Zahlreiche Fotos runden das Buch ab, meist farbig, hin und wieder aber auch in Schwarz-Weiß, um bestimmte historische Aspekte zu verdeutlichen.

III Zusammenfassende Beurteilung

Das Buch beschreibt eine Wanderregion, die zumindest im deutschsprachigen Raum noch wenig bekannt ist.  Daher ist die Ausführlichkeit, mit der die Informationen dargeboten werden, durchaus angemessen. Auch die detaillierten Wegbeschreibungen hält der Rezensent, der in den piemontesischen Alpen schon häufiger gewandert ist, für sehr sinnvoll, da Wegführung und fehlende Markierungen doch hin und wieder Rätsel aufgeben könnten, wie’s denn nun weitergeht.

Positiv sei der verwendete Typus von Kartenskizzen für die einzelnen Etappen hervorgehoben, die eine recht gute Gesamtorientierung in dem durchwanderten Gelände erlauben. Die Skizzen ersetzen natürlich keine gute aktuelle Wanderkarte im Maßstab 1:25 000 (im Führer wird auf entsprechendes Kartenmaterial und darauf, wie man es bekommen kann, hingewiesen.). Besonders gute praktische Hinweise, da in der Führerliteratur auch ein wenig aus dem Rahmen fallend, sind bereits unter II, 3 vermerkt.

Kritisch seien drei Dinge angemerkt:

  1. Da der Führer ja zugleich auch ein informatives Sachbuch darstellt, wäre es hilfreich, wenn er auch über ein Schlagwortregister erschlossen werden könnte.
  2. Zum Standard gehört es heute zunehmend, dass der Verlag zu einem Wanderführer GPS-Daten kostenlos zum Herunterladen bereitstellt. Ein entsprechender Hinweis ist in diesem Führer nicht zu finden.
  3. Format und Gewicht (annähernd 400 g) sind sehr unhandlich. Gerade wenn es erforderlich ist, häufiger einen Blick in die Wegbeschreibung werfen zu müssen (s.o.), bräuchte es eher ein Format für die Hosentasche. Vielleicht lässt sich ja doch noch etwas abspecken.
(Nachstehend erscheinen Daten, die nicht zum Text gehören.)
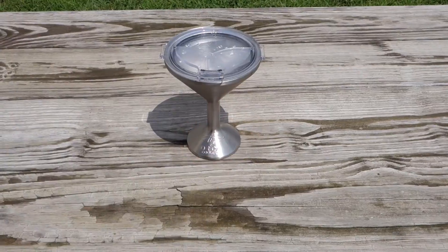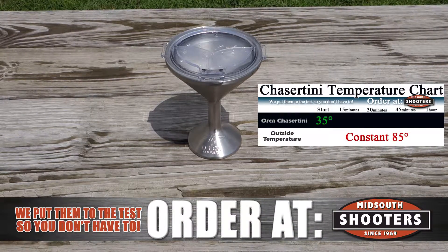Introducing the Orca Chasertini. We tested it for one hour to see how well it retains a cold beverage.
Ob wirklich alle über 170 Fotos erforderlich sind,  die zwar Freude beim Durchblättern machen aber deren zusätzlicher Informationsgewinn häufig nicht unbedingt gegeben ist, mag bezweifelt werden. Auch ließe sich möglicherweise über eine andere Papierwahl noch Gewicht einsparen.

 

Summa Summarum halte ich den Führer aber für ausgezeichnet. Er macht Lust, eine Region zu entdecken. Ich wünsche ihm viele Leser und noch mehr Weitwanderer, die sich nach der Lektüre auf den Weg durch die Lanzo-Täler machen, nicht nur zu ihrem eigenen Wohl sondern auch zu dem der dort lebenden Menschen.